- **Records for processing**
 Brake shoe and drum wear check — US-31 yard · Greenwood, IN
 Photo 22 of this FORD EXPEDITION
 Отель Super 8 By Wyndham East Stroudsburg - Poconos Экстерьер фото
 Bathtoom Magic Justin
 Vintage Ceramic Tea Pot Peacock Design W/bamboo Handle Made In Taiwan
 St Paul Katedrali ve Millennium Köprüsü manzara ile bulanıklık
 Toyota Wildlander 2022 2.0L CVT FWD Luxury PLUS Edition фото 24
==
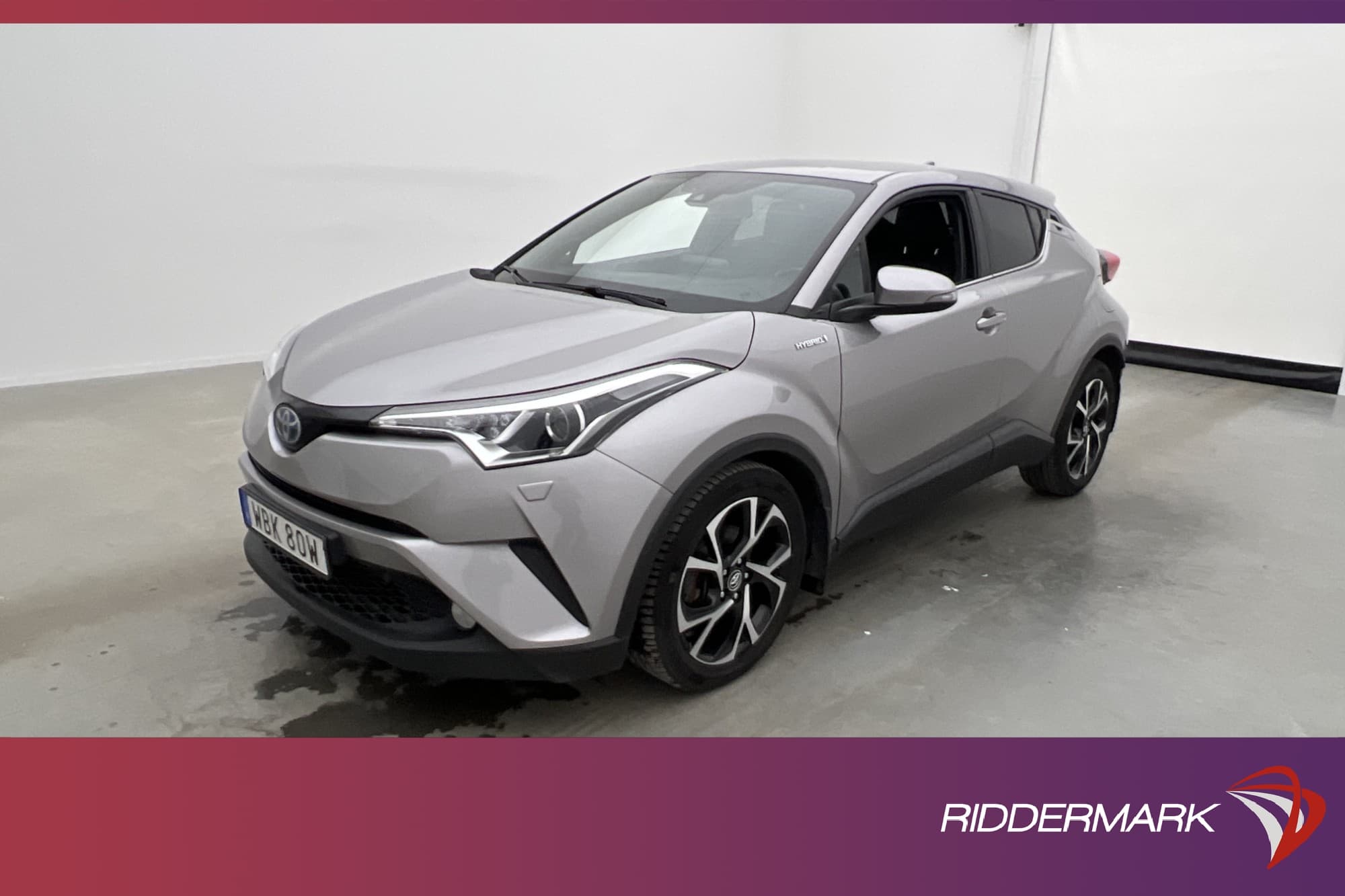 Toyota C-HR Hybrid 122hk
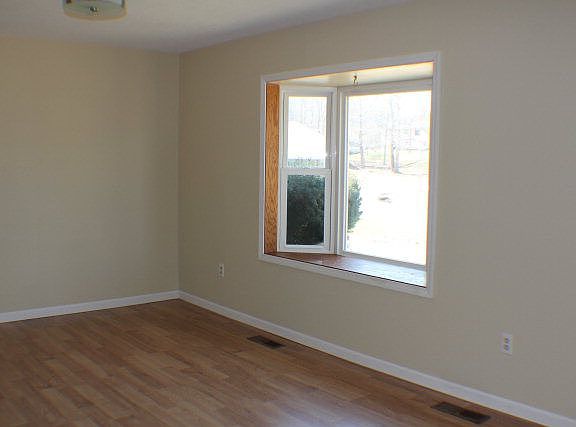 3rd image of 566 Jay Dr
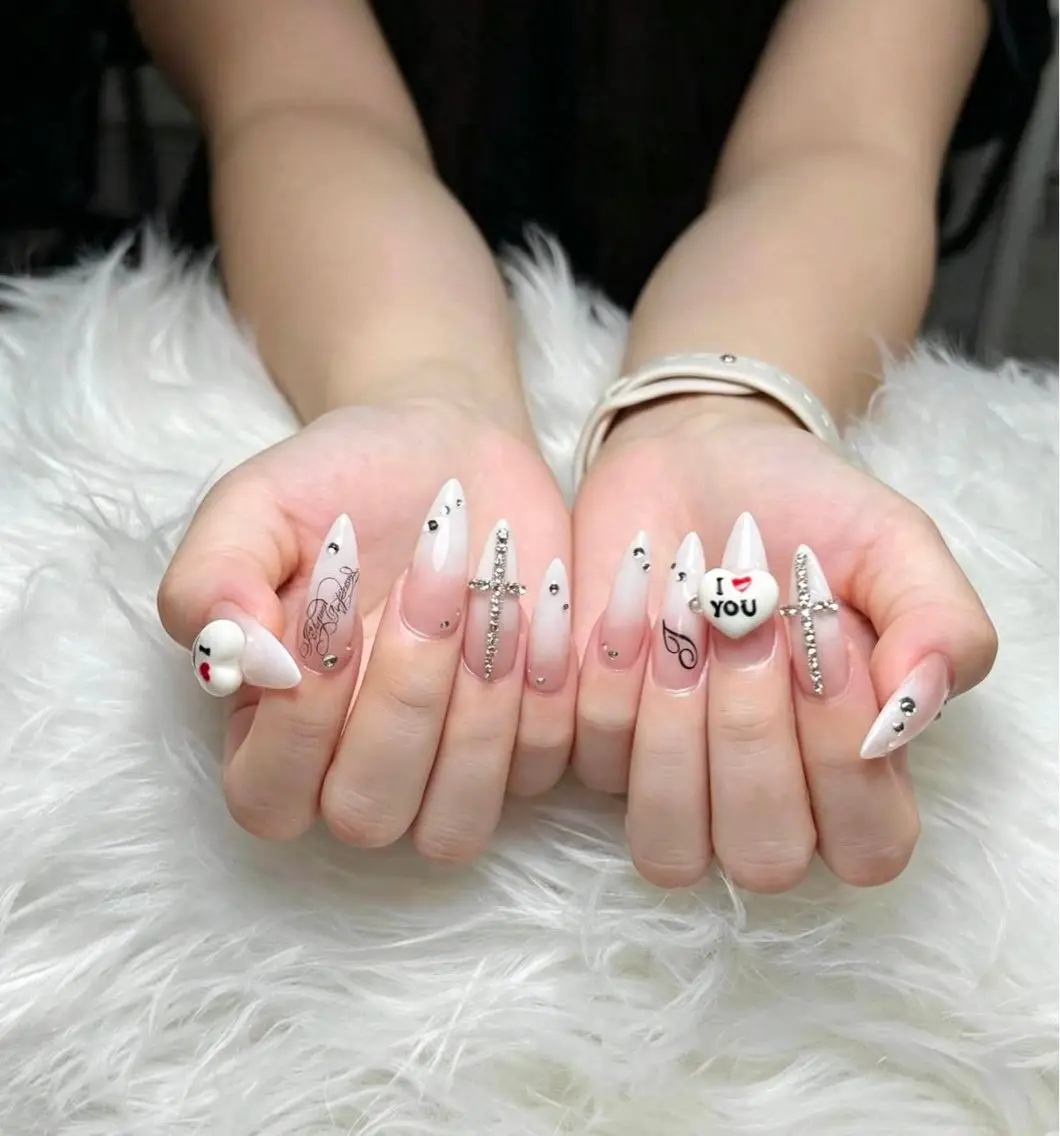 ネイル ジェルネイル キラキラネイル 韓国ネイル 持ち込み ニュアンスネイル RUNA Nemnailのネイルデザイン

- **What you have to do**
Within the listing above, the lines from the one with "3rd image of 566 Jay Dr" through the one with "ネイル ジェルネイル キラキラネイル" are to be given again word for word. Do not include pictures.

- **Completed exercise**
 3rd image of 566 Jay Dr
 ネイル ジェルネイル キラキラネイル 韓国ネイル 持ち込み ニュアンスネイル RUNA Nemnailのネイルデザイン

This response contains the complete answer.